» **WHAT TO DO**: Without any of the pictures, set down the data below exactly.

» **SOURCE MATERIAL**:
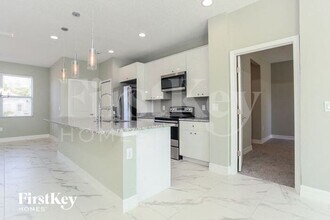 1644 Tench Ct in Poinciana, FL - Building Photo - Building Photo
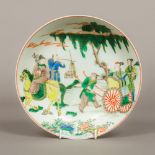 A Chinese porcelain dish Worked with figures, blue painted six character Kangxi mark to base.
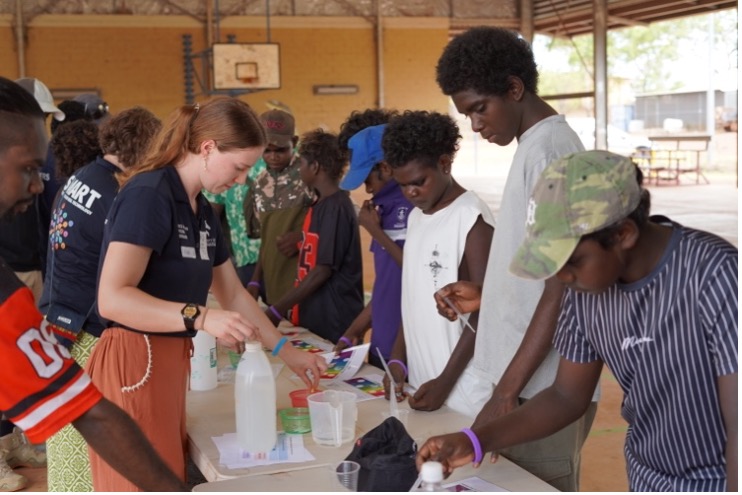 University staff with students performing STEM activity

» **ANSWER TO THE EXERCISE**:
 1644 Tench Ct in Poinciana, FL - Building Photo - Building Photo
 A Chinese porcelain dish Worked with figures, blue painted six character Kangxi mark to base.
 University staff with students performing STEM activity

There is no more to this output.